I used to hate the idea of major game studios simplifying their IPS to appeal to new players but coming back to those games and older titles. He’ll even older RPGs makes me understand why these decisions were made. I feel it’s because on the developer end, game designers can do a lot more with less systems ingame because having less systems and mechanics to constantly account for is far easier to manage than a game with many.

Take wow for example. If you tried explaining how the game works to someone that’s never played it, it take you hours or even days before they fully understood the base aspects of the game; coincidentally if you told someone that played it in the mid 2000s and left they still wouldn’t understand what’s going on ingame after several hours. Simpler games are easier to understand, they’re approachable to a wider audience. They don’t have to be easy by any means, just meaningfully complex in the sense that their mechanics are understood with a lot of depth for anybody that’s played the game for a reasonable amount of time - typically it’s 10 hours - before going to do other stuff in life they want to do.

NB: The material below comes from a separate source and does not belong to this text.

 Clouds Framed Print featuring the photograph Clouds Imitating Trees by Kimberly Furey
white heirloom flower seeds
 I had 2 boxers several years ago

I guess that’s why I liked oblivion, far cry 2, half life, rain world, tlou2, diablo 1 and 2, fallout 3 and many more simple games so much. They were unique, short, understandable and I didn’t have to do much to see why they were fun compared to heavier titles like S.T.A.L.K.E.R, wow, d3, Poe, warframe, apex. I can understand why some would disagree but those are my reasons for why I think Bethesda had the right idea to simplify their RPGs

 No.29333

File: 1689816959137-0.jpg (21.63 KB, 652x367, F1UcytcaEAIU1F5.jpg)

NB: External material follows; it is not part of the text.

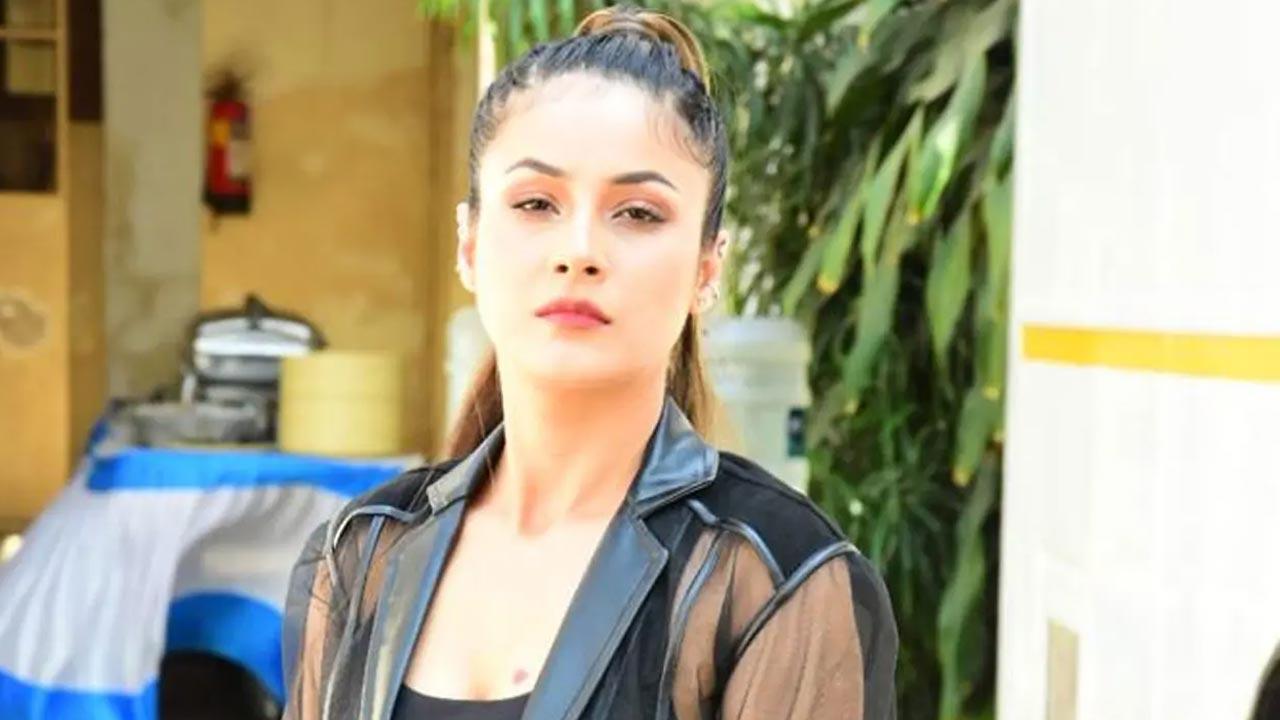 Shehnaaz Gill aces white shirt and blue jeans look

File: 1689816959137-1.jpg (573.71 KB, 1536x2048, F06Gp54aQAI_E7U.jpg)

bnuy

 No.29334

That's an issue the Pathfinder CRPGs face, the learning curve is pretty steep and you can seriously fuck up your playthrough if you don't know how to build a decent character from the start, but once you know what all the numbers mean it's a lot of fun. As long as people know what they're getting into it's fine (look at Dwarf Fortress or anything by Iron Tower Studio), but with limited budgets and the need for broad appeal to appease shareholders and keep the lights on it's easy to understand why things have broadly gone in the direction they have.

>Take wow for example

WoW's sort of a funny example because it was fairly simple and casual for its time, the devs specifically set out to make Everquest but with broader appeal. Game development in the 90s/early 2000s was very much a learn-as-you-go deal and devs put in a lot of stuff that sounded cool or immersive but didn't really work out in practice. Old school MMOs weren't something you could play for 30 minutes a day, as it would take that long just to find a group, then another 20 minutes for everyone to meet up, then you grind for an hour, plus you spend 10 minutes running back to your corpse every time you die, which also costs xp every time it happens so you need to grind even longer, and on and on. In vanilla WoW you can solo mobs until max and the worst thing that could happen is a couple minute corpse run with some repair expenses. WoW's gotten considerably more complicated with time, though, as they need to introduce new systems and dungeon/raid mechanics with each expansion as a selling point to where it's fairly bloated today even as older mechanics got streamlined or removed.